González-Pinto Ana, Aldama Ana, González Cristina, Mosquera Fernando, Arrasate Marta, Vieta Eduard
Stanley Institute International Mood-Disorders Research Center, Vitoria, Spain.
J Clin Psychiatry. 2007 Feb;68(2):242-7. doi: 10.4088/jcp.v68n0209.
To determine the baseline demographic and clinical characteristics associated with suicide attempts over 5 years following a first admission for psychosis and to assess the relationship between suicidal behavior during 5-year follow-up and clinical factors.
All inpatients consecutively admitted between February 1997 and January 1999 with a first psychotic episode from a specific catchment area in Spain were included at baseline; they were followed up yearly over a 5-year period with an extensive protocol that included the Structured Clinical Interview for DSM-IV, the Positive and Negative Syndrome Scale, and the 21-item Hamilton Rating Scale for Depression. The primary outcome measure was suicide attempts. Comorbidity with alcohol and drug abuse was recorded, as were all suicidal acts made by patients over the follow-up period. Relationships between suicidal outcome and baseline clinical features were examined. Logistic regression modeling was used to test the significance and independence of associations of relevant factors to suicidal status.
Of 83 first-episode psychotic patients, 14.5% displayed suicidal behavior within the 5 years following the first admission, and 2.4% died by suicide. Suicide rate was 0.48%/ year and attempt rate was 2.89%/year, with a 1.5-fold (95% CI = 1.07 to 2.22) greater risk for each depressive symptom at index episode and with an 8-fold (95% CI = 1.45 to 44.40) higher risk among patients with baseline stimulant abuse (cocaine and amphetamine).

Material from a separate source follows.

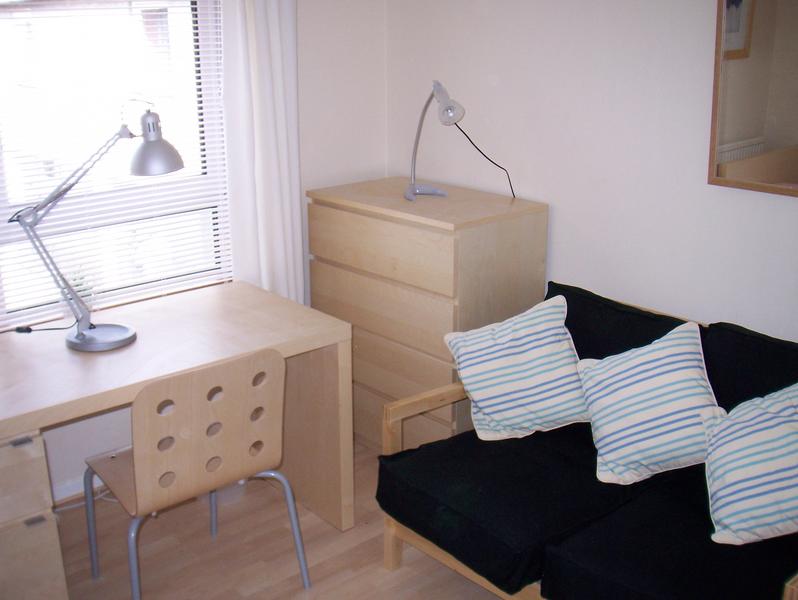 Room Viewcraig Gardens in City of Edinburgh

Patients with a first-episode psychotic disorder seemed to be a high-risk population for suicidal behavior. Depressive symptoms during the index psychotic episode and comorbidity with stimulant abuse at baseline were relevant predictive factors for suicidal behavior during the first years of first affective and nonaffective psychotic episodes.
确定首次因精神病住院后5年内与自杀未遂相关的基线人口统计学和临床特征,并评估5年随访期间自杀行为与临床因素之间的关系。

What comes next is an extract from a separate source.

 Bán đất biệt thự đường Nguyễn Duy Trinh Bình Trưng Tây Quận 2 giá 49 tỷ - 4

纳入1997年2月至1999年1月期间连续入住西班牙特定集水区且首次出现精神病发作的所有住院患者作为基线;在5年期间每年对他们进行随访,采用广泛的方案,包括《精神疾病诊断与统计手册》第四版的结构化临床访谈、阳性和阴性症状量表以及21项汉密尔顿抑郁评定量表。主要结局指标是自杀未遂。记录酒精和药物滥用的合并症以及随访期间患者的所有自杀行为。检查自杀结局与基线临床特征之间的关系。采用逻辑回归模型检验相关因素与自杀状态关联的显著性和独立性。
在83例首发精神病患者中,14.5%在首次入院后的5年内出现自杀行为,2.4%死于自杀。自杀率为每年0.48%,未遂率为每年2.89%,首发发作时每出现一种抑郁症状,风险增加1.5倍(95%置信区间=1.07至2.22),基线存在兴奋剂滥用(可卡因和苯丙胺)的患者风险高8倍(95%置信区间=1.45至44.40)。
首发精神病性障碍患者似乎是自杀行为的高危人群。首发精神病发作期间的抑郁症状以及基线时与兴奋剂滥用的合并症是首发情感性和非情感性精神病发作最初几年自杀行为的相关预测因素。